Week One of Foster Care :: My Eyes Were Opened


I never expected to be a foster family. I honestly never gave it a thought. I still don’t really remember how it came up or what made us go to that first training class. We started getting calls for placements a few days after we learned we had been approved as a foster family. I had to say no a few times for various reasons, and a couple of times I said yes but then for one reason or another the child didn’t end up needing us.

This is the story of our very first placement.

It was 5:30pm on a Monday when my phone rang. I recognized the number right away as a Department of Children’s Services’ number. I answered and heard a placement coordinator on the other end of the line. Right off the bat she said, “I know you are going to say no, but I have no one else left to call, so I have to try.” She told me that she had a 14-year-old girl sitting at the DCS office. She had been there since 9:30 that morning — no one would take her. She woke up that morning to get ready for school but instead was taken to court and left there. She had nowhere to go and no one who wanted her. The placement coordinator asked me to take her for a week, just one week, while she found somewhere more permanent for her.

My heart broke.

I gave a yes for the week, and an hour later we had a case worker and a teenager on our doorstep. Thus began our first placement with foster care. We weren’t expecting any teenagers and we didn’t even have anything in the house for children above the age of three. We didn’t have a clue what to do with a teenager, and we certainly didn’t have any clothing for her. I took her out to Target that night. I took her down the cereal aisle and asked her to pick out what she liked to eat for breakfast. After standing in that aisle for what felt like a very long time, I finally asked her what was wrong. She answered, “I don’t know what to pick. I’ve never been allowed to have breakfast before.”

My heart broke.

We got back home and I helped her unpack the clothes that she had brought in a backpack – the same backpack she used for school. As I pulled out her dirty clothes, I noticed that they seemed way too small. They were a size six and she was a very average size 14-year-old. Her clothes and shoes were way too small. She didn’t have a jacket, despite it being November. The next morning, I went back to Target — this time on a mission to buy her clothes and food — things that would hopefully help her to feel more comfortable in our house.

{This is a photo of this child’s belongings in the room. For privacy reasons, the child’s photo will not be shown.}

The week was hard, but the week was so good. I didn’t know what I was doing with a teenager and somehow on day three I dropped her off at school an hour late with four bags of Chick-fil-A. It was an adventure for her and for us.

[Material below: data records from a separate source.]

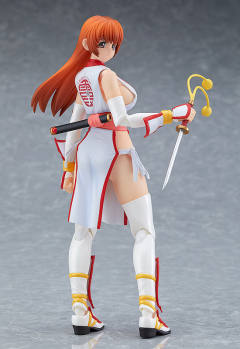 figma#382 霞 C2 ver.-资料图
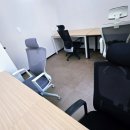 이마트24 천호브라운스톤점 | 강동 공유오피스 1인실부터 4인실까지 다양하게 선택할 수 있는 천호 소호사무실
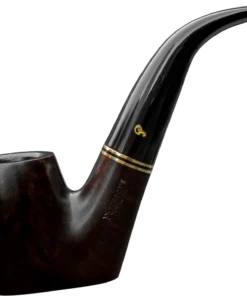 Peterson Tyrone 306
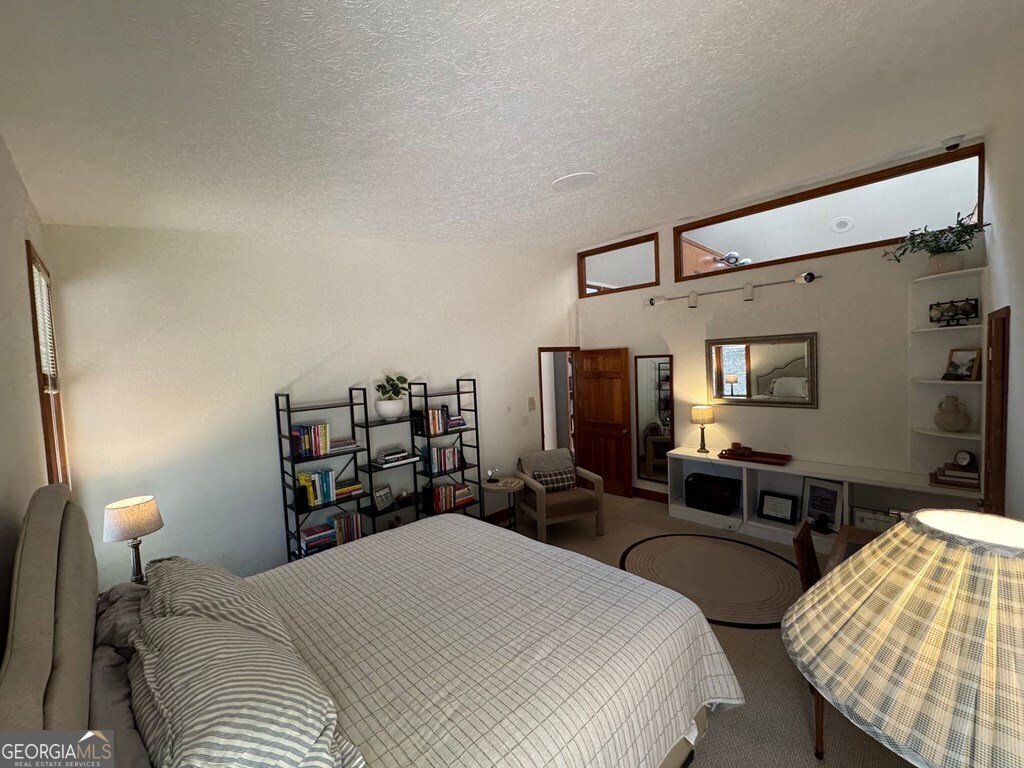 110 Golfview Court Carrollton - 21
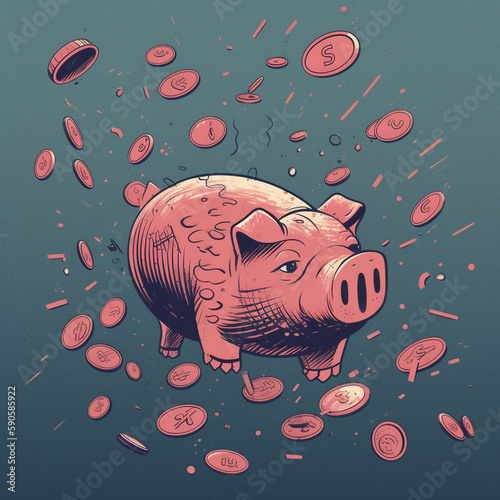 piggy_Bank 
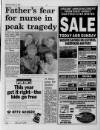 Manchester Evening News Saturday 13 January 1990 Page 7
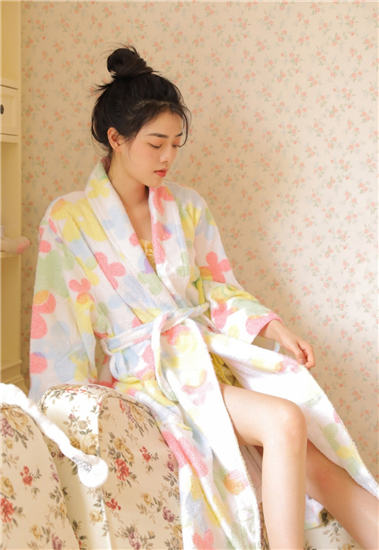美女涩涩直播的app软件截图4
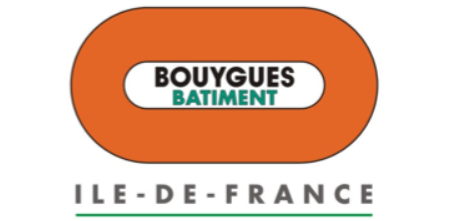 Affiche aimanté Logo personnalisé (Lot de 5)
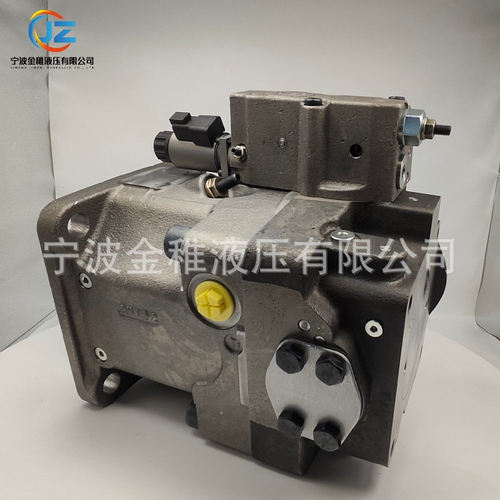 A11VO95LRD/10R-NPD12K01 柱塞泵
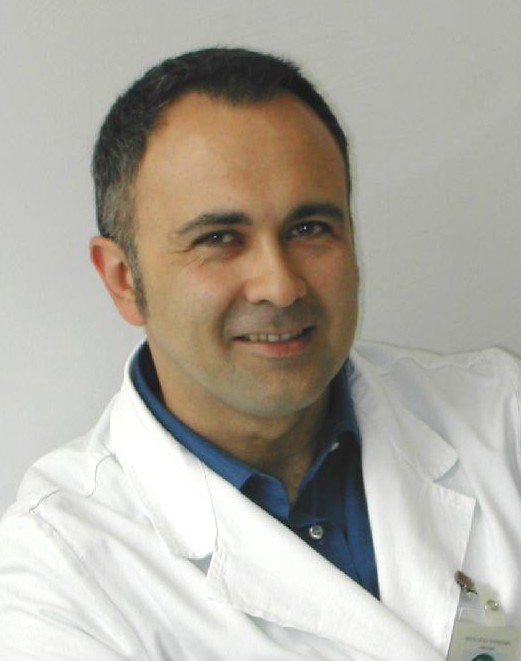 Riccardo Sarzani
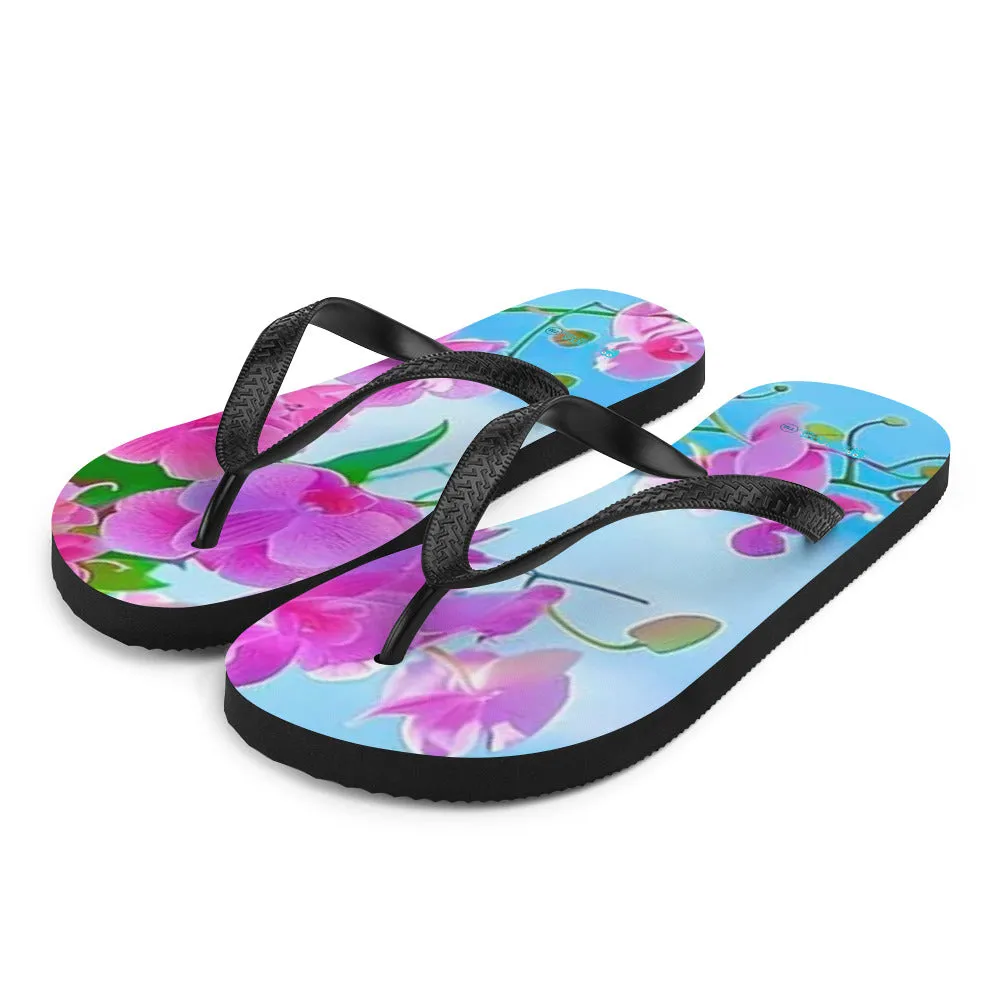 Flip-Flops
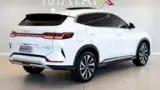 BYD Song Plus - Miniatura 2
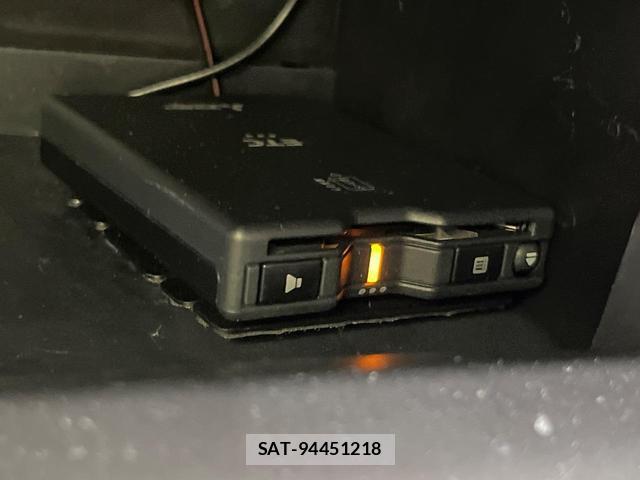 Toyota VITZ 2019-12 7869427-4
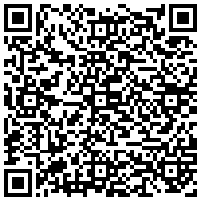 QR Code for bitcoin:bitcoin:bitcoin:bitcoin:bitcoin:bitcoin:bitcoin:bitcoin:bitcoin:bitcoin:bitcoin:bitcoin:bitcoin:bitcoin:LUwA48xGDTRxC41tzbWGSafTi4eLK8K82C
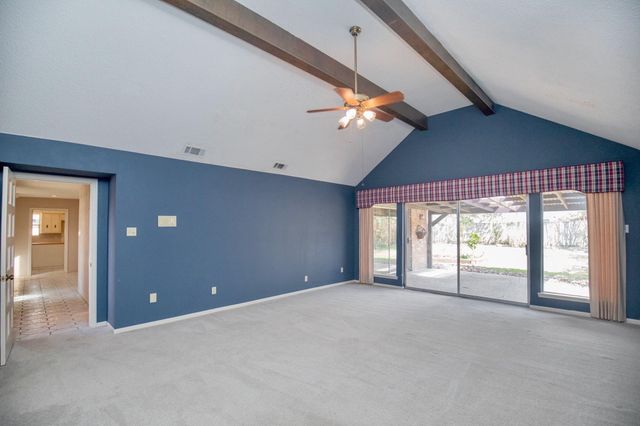 3903 Kiamesha Drive, Missouri City, TX 77459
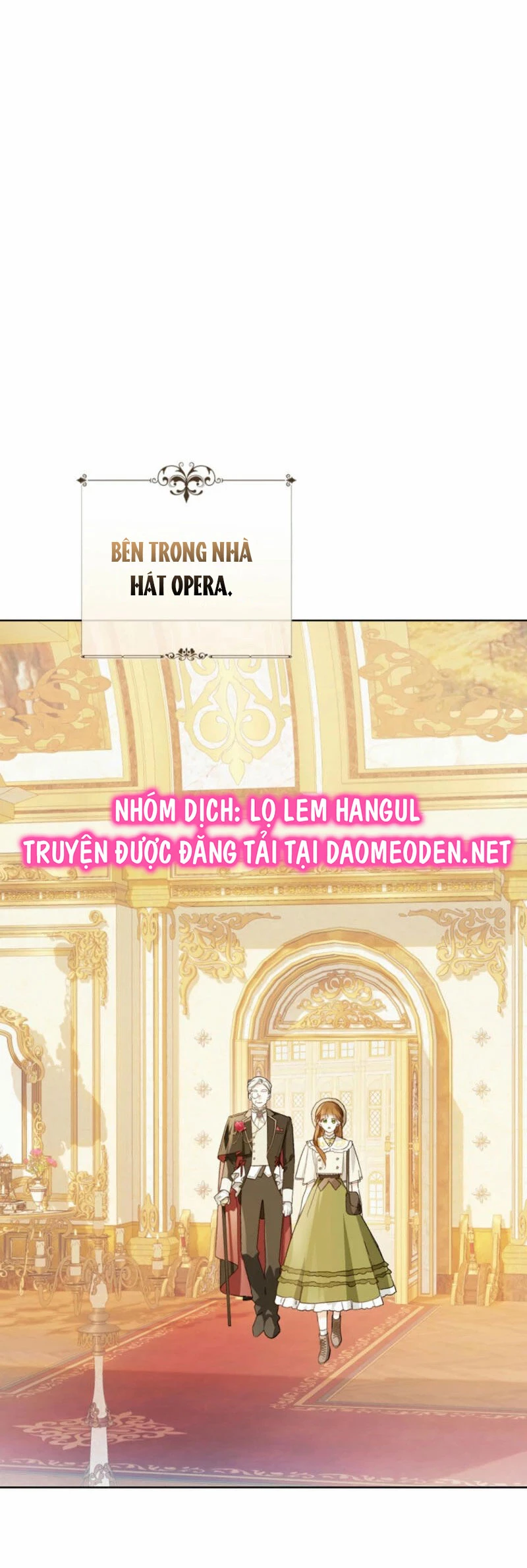 Trang Trại Hạt Dẻ Gần Cung Điện Hoàng Gia Chapter 88 - 26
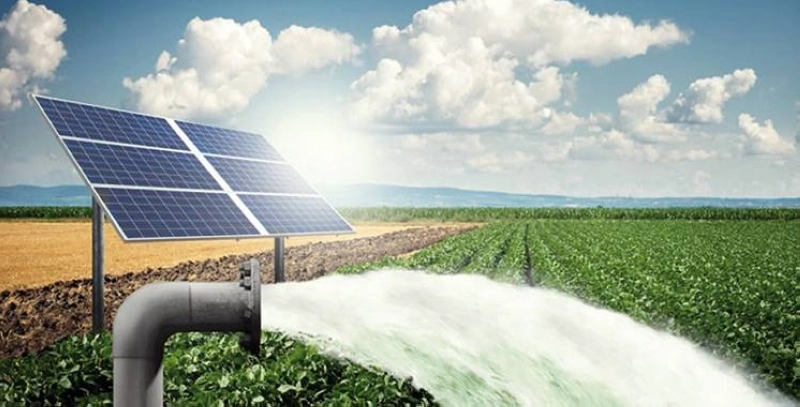 Des entreprises européennes opérant dans les secteurs de l’énergie et de l’eau seront en visite au Maroc dans le cadre d’une mission d’affaires.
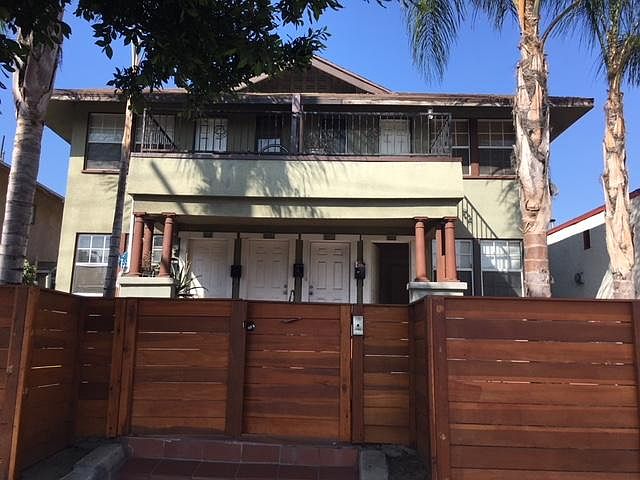 1st image of 907 Cypress Ave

But here’s the thing – when I said “yes” to this teenager placement, I thought we would get a teenage girl who would sit up in her room and do her own thing all the time. What I didn’t expect was a teenage girl who had never been part of a real family. A girl who just wanted to be included and be a part of something. A girl who asked for chores to do because she thought that was what kids who were part of families did. A girl who delighted in us doing homework with her; who said no one had ever done homework with her in her whole life. A girl who when asked what she wanted to do on a Saturday, replied with, “Make an apple pie because it’s something I’ve always wanted to do.”

I expected foster care and kids in care to be one way, and our first placement taught me that my expectations were so wrong. Saying goodbye to that 14-year-old was one of the hardest things I did in foster care. She changed me, my family, and our views on foster care in the short time that we had together. It’s been four years since she came and left our house, but I still think about her all the time. I pray for her. I wonder where she is.

The day she left our house, I cried many tears and my heart broke. It was my first lesson in having to say goodbye and letting go on this path of foster care. Goodbyes and letting go are a very difficult part of being in foster care, but it is always worth it. Ask any foster parent and they will tell you that it is worth it to love a child well.

If you have ever thought about foster care, take a risk. It is worth it.